Powrót z wakacji ma swoją cenę. Szron wykwitający nagle na iluminatorach maszyny tanich linii lotniczych oznacza nie tylko powrót do kraju wolnego od udręki upałów i bezchmurnego nieba ale również pożegnanie się ze światem spolegliwości i normalności, wiadomo, że istniejącym wyłącznie w rozmiękczonym umyśle wczasowicza na krótko uwolnionego z kieratu trzech etatów. Wschodniopruska aura przywraca ciężkawy naturalizm miejscowego życia może jeszcze skuteczniej i jeszcze szybciej niż lektura serwisów informacyjnych. Chociaż i te ostatnie posiadają moce trzeźwiące.

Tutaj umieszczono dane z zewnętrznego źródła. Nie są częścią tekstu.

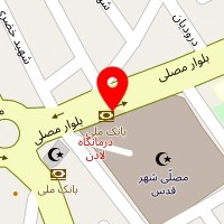 طراحی و دکوراسیون داخلی عطر نوین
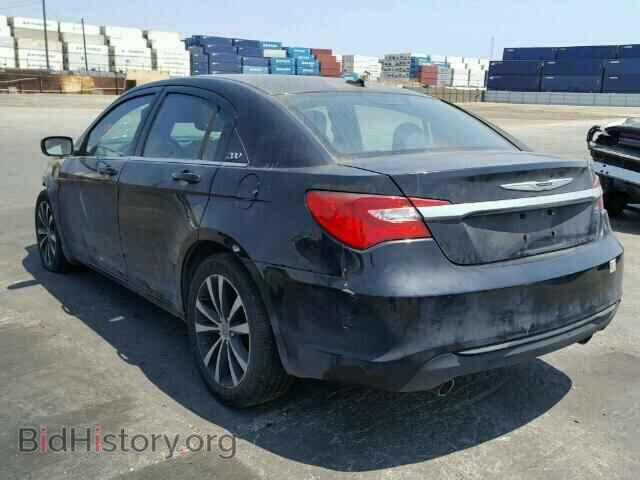 2013 CHRYSLER 200 - VIN: 1C3CCBBG0DN717814 - Фото 3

O nowelizacji ustawy Prawo Farmaceutyczne słyszałem dużo wcześniej ale nie wierzyłem. Ostatni komunista umarł wszak dawno temu, kastowe Indie są jednak dość daleko, a społeczeństwo stanowe wraz z klauzulowym systemem cechowym zniesione zostało w wyniku burzliwych procesów dziejowych. Obecnie nastała wolność - równość - demokracja (czy coś tam), kobiety posiadają prawo głosu, zwierząt się nie bije (a jeśli się zabija to wyłącznie humanitarnie), w obrębie gatunku ludzkiego odkryto oraz dowartościowano ok. siedmiu nowych płci, no i mamy powszechne ubezpieczenia na wszelkie możliwe okoliczności.

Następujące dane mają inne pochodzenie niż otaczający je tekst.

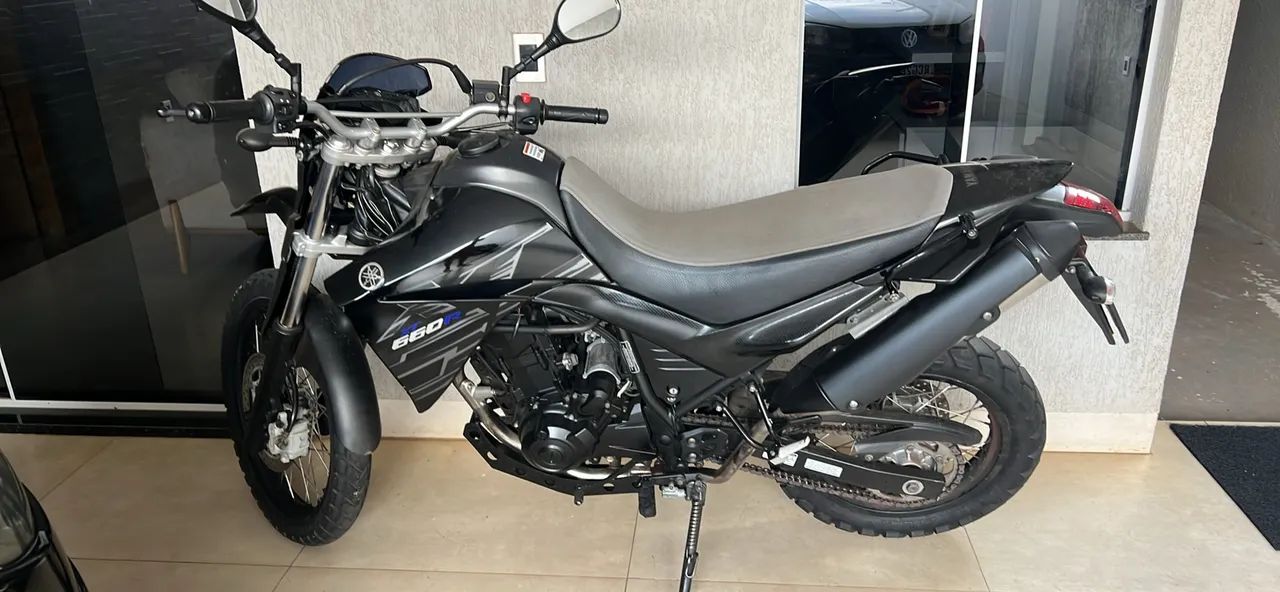 XT 660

Jak więc to możliwe, że w obiegu demokratycznie stanowionego prawa pojawia się dziś, w XXI w., w środku cywilizowanego kontynentu, ustawa wprowadzająca wprost zasady kastowe, godne modelowego społeczeństwa stanowego, regulująca bowiem istotną sferę życia zbiorowego na zasadzie "ziemia dla ziemniaków" ? Bo przecież odtąd aptekę posiadać będzie mógł wyłącznie dyplomowany farmaceuta (czy teraz wyłącznie malarz będzie mógł mieć sklep z farbami ?) Dalej, w trosce o dobro malarzy - tfu, farmaceutów ! - każdemu z punktów aptecznych zostanie zapewnione bogate łowisko, tj. minimum trzy tysiące frajerów do golenia, czyli z miejsca ustanowiony został lokalny monopol na sprzedaż leków, plastrów, smarów i innych niezbędników starzejącego się społeczeństwa. Łowisko będzie też miało ostro zarysowane granice, co upodobnia system do podziału kraju na księstwa udzielne - żaden farmaceuta nie będzie mógł obsikać drzewa w odległości mniejszej niż pół kilometra od domeny sąsiada.

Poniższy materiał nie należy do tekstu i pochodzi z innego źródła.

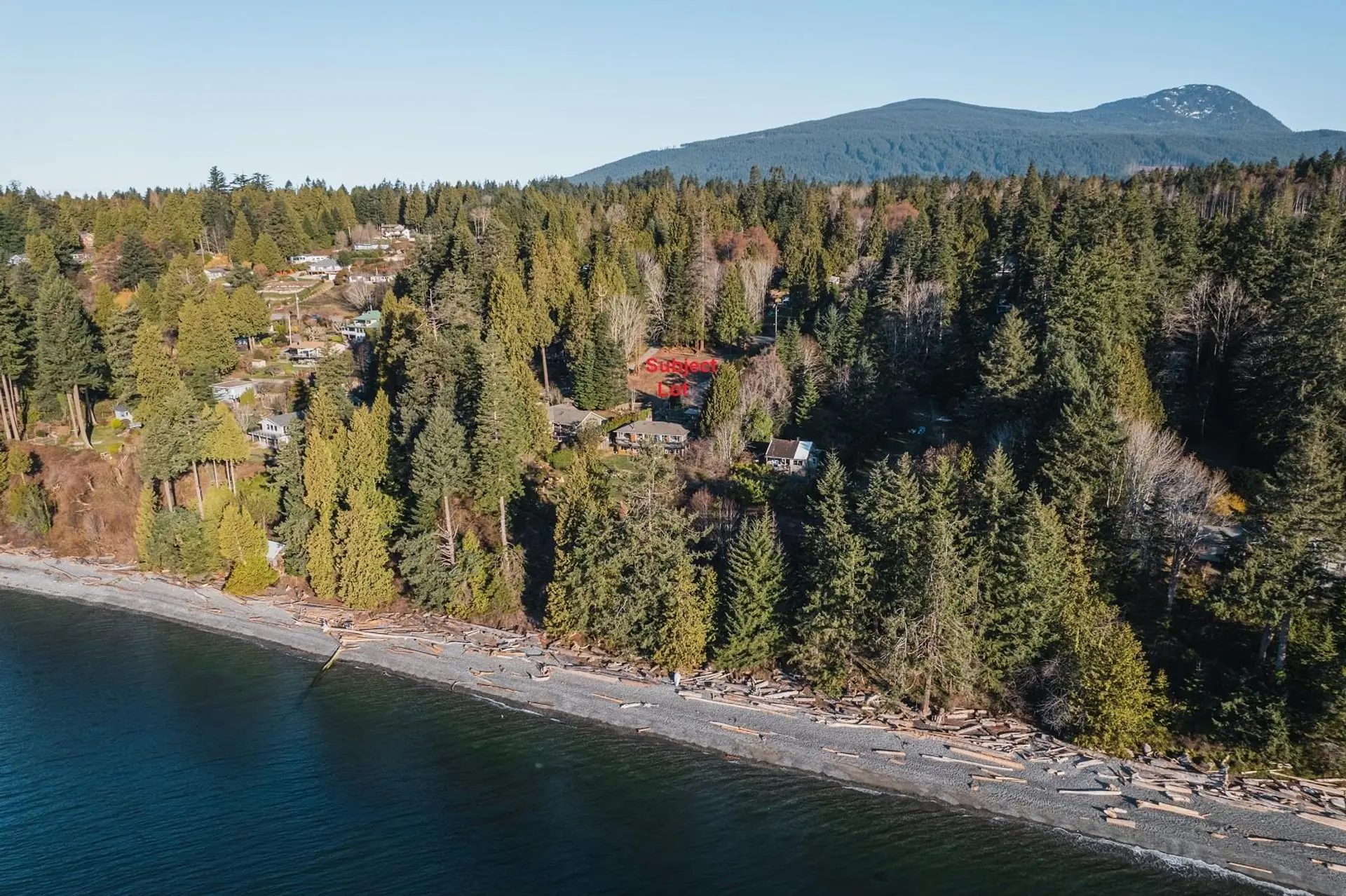 Property at LOT G GOWER POINT ROAD, Gibsons, BC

Szczyt wolnościowej, równościowej, braterskiej, czyli demokratycznej legislacji pisowskie majstry od edyktów osiągnęły jednak dopiero w zapisie stanowiącym, że wszystkie ww. postanowienia będą nieważne, jeśli tylko minister od zdrowia uzna, że tak właśnie chce. Jednym ruchem długopisu wykroić będzie on mógł dowolnemu miśkowi odrębne księstwo bez oglądania się na właśnie zadekretowane przepisy. Ponieważ nowelizacja dla pigularzy wchodzi w życie na dniach, można założyć, że pod drzwiami Konstantego już ustawiają się kolejki słusznych miśków, których jedynym marzeniem jest uczynienie narodowi dobrze.